If the index locks are only taken for the sake of _bt_getrootheight()
accessing index meta pages in case they are not cached, maybe the
index locks could be taken conditionally.
However, postponing the call to where it is really needed sounds even
better.
A first step here could just be to postpone fetching
_bt_getrootheight()
until we actually need it during cost estimation. That would
avoid the
need to do it at all for indexes that indxpath.c discards as
irrelevant,
which is a decision made on considerably more information than the
proposed patch uses.
Hi Tom,
I gave the idea of moving _bt_getrootheight() into costsize.c and
filling IndexOptInfo in get_relation_info() via syscache instead of
relcache a try, but didn't get very far.
Moving out _bt_getrootheight() was straightforward, and we should do
nevertheless. However, it seems like get_relation_info() strongly
depends on the index's Relation for quite some stuff. A fair amount of
fields I could actually fill from syscache, but there are some that
either need data not stored in syscache (e.g. estimate_rel_size(),
Relation::rd_smgr needed by RelationGetNumberOfBlocksInFork()) or need
fields that are cached in the index's Relation and would have to be
recomputed otherwise (e.g. Relation::rd_indexprs filled by
RelationGetIndexExpressions(), Relation::rd_indpred filled by
RelationGetIndexPredicate()).

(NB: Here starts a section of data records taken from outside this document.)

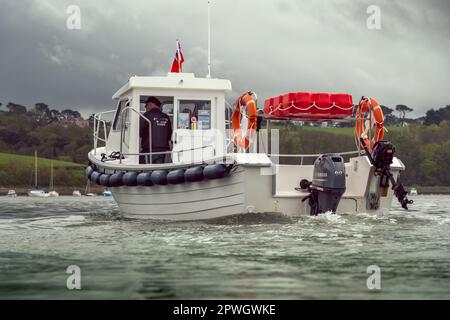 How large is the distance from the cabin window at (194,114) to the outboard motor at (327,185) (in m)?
3.23

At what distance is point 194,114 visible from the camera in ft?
48.7

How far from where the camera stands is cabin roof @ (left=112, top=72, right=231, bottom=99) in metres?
14.6

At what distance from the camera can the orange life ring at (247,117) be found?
43.5 ft

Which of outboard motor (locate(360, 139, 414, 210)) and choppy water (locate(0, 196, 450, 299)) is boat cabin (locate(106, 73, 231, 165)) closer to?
choppy water (locate(0, 196, 450, 299))

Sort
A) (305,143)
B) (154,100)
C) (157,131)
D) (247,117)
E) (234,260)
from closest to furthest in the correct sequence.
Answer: (234,260) → (247,117) → (157,131) → (154,100) → (305,143)

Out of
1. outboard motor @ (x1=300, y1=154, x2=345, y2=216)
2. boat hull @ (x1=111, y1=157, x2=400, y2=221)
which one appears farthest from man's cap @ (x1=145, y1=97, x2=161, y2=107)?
outboard motor @ (x1=300, y1=154, x2=345, y2=216)

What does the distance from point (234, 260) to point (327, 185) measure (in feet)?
14.9

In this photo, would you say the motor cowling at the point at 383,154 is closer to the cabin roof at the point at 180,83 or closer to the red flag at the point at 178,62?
the cabin roof at the point at 180,83

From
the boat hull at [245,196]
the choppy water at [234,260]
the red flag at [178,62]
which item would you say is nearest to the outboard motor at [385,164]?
the boat hull at [245,196]

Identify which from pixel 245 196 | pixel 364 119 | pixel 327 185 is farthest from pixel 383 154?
pixel 245 196

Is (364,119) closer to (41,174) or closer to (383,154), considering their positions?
(383,154)

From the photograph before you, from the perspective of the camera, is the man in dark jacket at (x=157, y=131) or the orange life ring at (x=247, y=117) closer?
the orange life ring at (x=247, y=117)

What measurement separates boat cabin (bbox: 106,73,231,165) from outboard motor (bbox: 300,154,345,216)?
112 inches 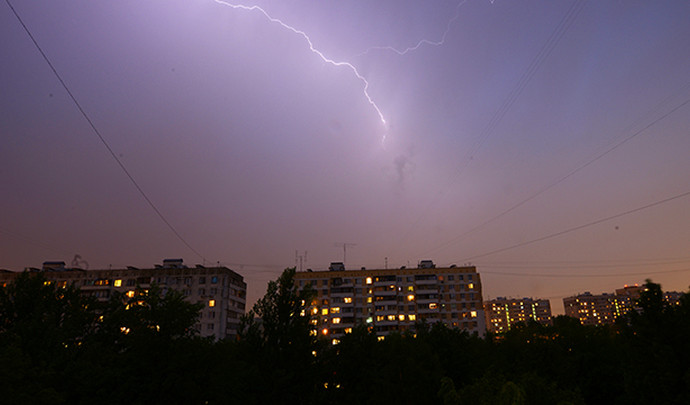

Even if we could somehow obtain the
missing info from somewhere, recomputing the otherwise cached fields
from Relation would likely cause a significant slowdown in the serial case.
Beyond that I did some off-CPU profiling to precisely track down which
lock serializes execution. It turned out to be the MyProc::fpInfoLock
lightweight lock. This lock is used in the fast path of the heavyweight
lock. In the contenting case, fpInfoLock is acquired in LW_EXCLUSIVE
mode to (1) check if there is no other process holding a stronger lock,
and if not, to reserve a process local fast path lock slot and (2) to
return the fast path lock slots all in one go. To do so, the current
implementation always linearly iterates over all lock slots. The
corresponding call stacks are:
get_relation_info() CommitTransaction()
index_open() ResourceOwnerRelease()
relation_open() ResourceOwnerReleaseInternal()
LockRelationOid() ProcReleaseLocks()
LockAcquireExtended() LockReleaseAll() <-- called
twice from ProcReleaseLocks()
LWLockAcquire()
On top of that there are only 16 fast path lock slots. One slot is
always taken up by the parent relation, leaving only 15 slots for the
indexes. As soon as a session process runs out of slots, it falls back
to the normal lock path which has to mess around with the lock table. To
do so it also acquires a lightweight lock in LW_EXCLUSIVE mode. This
lightweight lock however is partitioned and therefore does not content.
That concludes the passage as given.